Streamlined Volcker Rule could encourage some banks to take bigger risks
Recent changes to the Volcker rule by four federal regulators that were meant to simplify trading obligations of U.S. banks will instead open an opportunity for some banks to take more risk, creating a credit negative for the industry.
The final rule revisions, approved by the Office of the Comptroller of the Currency and the Federal Deposit Insurance Corp. on Aug. 20; the Commodity Futures and Trading Commission on Sept. 16; and the Securities and Exchange Commission on Sept. 18 aim to streamline and improve the efficacy of the complex trading requirements first adopted in 2013. However, particularly when lower interest rates are putting pressure on bank net interest margins, the changes have the potential to encourage some banks to take greater risks, creating a credit negative.
The revisions will not become final until they are also approved by the Federal Reserve Board. But we expect this will occur over the next couple of weeks. Once final, the revised rules will become effective Jan. 1 2020, but banks will have a year to comply.
By narrowing the rule's scope to exclude assets and liabilities held at fair value outside of the trading account — and by establishing a presumption that positions held for 60 days or longer are not considered proprietary trading — banks might increase risk-taking.
This is especially true for banks with combined U.S. trading assets and liabilities of less than $20 billion, excluding government and agency securities. This threshold includes most, if not all, community, regional and custodian domestic banks, as well as the U.S. operations of most foreign banks. Those banks’ compliance requirements would be reduced significantly under the revised rules.
Furthermore, a number of other recent regulatory tailoring initiatives have sought to lessen or eliminate the application of several other regulations to community and regional banks. We therefore believe those banks may have a freer hand to take advantage of the revised rule's narrower scope, looser compliance requirements and shifted burden of proof.

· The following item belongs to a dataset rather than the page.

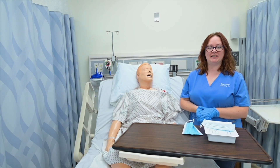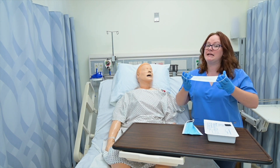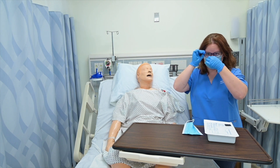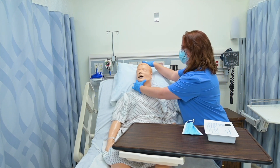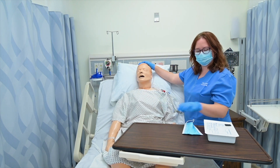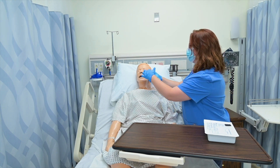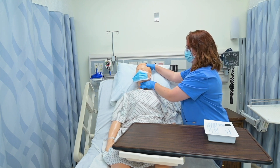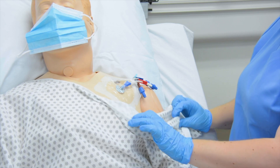To prepare to change my patient's central line dressing, I've already done my hand hygiene and put on some clean gloves. Then I'm going to put a mask on. I'm actually going to have my patient turn their head away from the side that has the site, and I'm going to have them put a mask on as well. I'm going to pull the gown down so I can see the site better.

Conversely, while the largest U.S. banks — including Bank of America Corp., Citigroup Inc., The Goldman Sachs Group Inc., JPMorgan Chase & Co., Morgan Stanley and Wells Fargo & Co. — might also have opportunities to take additional trading and investment risks, their compliance requirements have not been appreciably reduced.
These banks remain fully subject to a number of other regulatory requirements that constrain such risk taking, most notably the Federal Reserve’s stress test; but also Basel III risk-based capital and liquidity requirements.
The Volcker Rule will continue to prohibit most forms of proprietary trading within the trading account. But a number of the changes should allow banks to enter hedging transactions, correct trading errors and manage their liquidity with less need to document and demonstrate that each individual transaction is not a proprietary trade.
The revised rules also simplify how banks can qualify for the reasonably expected near-term demand (RENTD) exemption. For market making and underwriting activities to be exempt from the ban on proprietary trading, a bank must demonstrate that its activity does not exceed RENTD.
In practice, this has been difficult to demonstrate. Under the revised rule, a bank will be presumed to have stayed within RENTD as long as its activity stays within internal limits set with consideration not only for risk, but also for the liquidity, maturity and depth of the market for the relevant types of instruments.
Although this could lead to increased risk-taking, the internal limits remain subject to ongoing review and oversight by a bank’s supervisor, which can also rebut the presumption of compliance if it determines that a trading desk is engaging in activity that is not designed to remain within RENTD.
Under the revised rule, only the largest banks would be required to maintain a compliance program that is reasonably designed to ensure compliance with RENTD exemption requirements: there is no required RENTD compliance program for other banks.
Similarly, the current rule mandates a detailed overall Volcker Rule compliance program for all banks with more than $10 billion in total assets, including enhanced minimum standards and CEO attestation. However, the revised rule would require most of this only for the largest banks, although even their enhanced minimum standards would be eliminated.
Banks with less than $1 billion in combined trading assets and liabilities would have no obligation to demonstrate compliance. While banks with between $1 billion and $20 billion in combined trading assets and liabilities would be required to have a simplified compliance program with no CEO attestation.
The rule would continue to require banks with combined trading assets and liabilities of more than $10 billion to submit a substantial amount of trade data to help the supervisors monitor compliance with the market-making exemption. While some of the required metrics were eliminated, others were added, reflecting the regulators' intention to improve the efficacy and relevance of the information being submitted.
We believe the availability of this information to supervisors becomes even more important now that more of the burden of proof for violations has shifted to the bank supervisors. However, smaller banks are not subject to this data requirement, which we think could make it more difficult for supervisors to effectively limit any increase in risk-taking at such banks.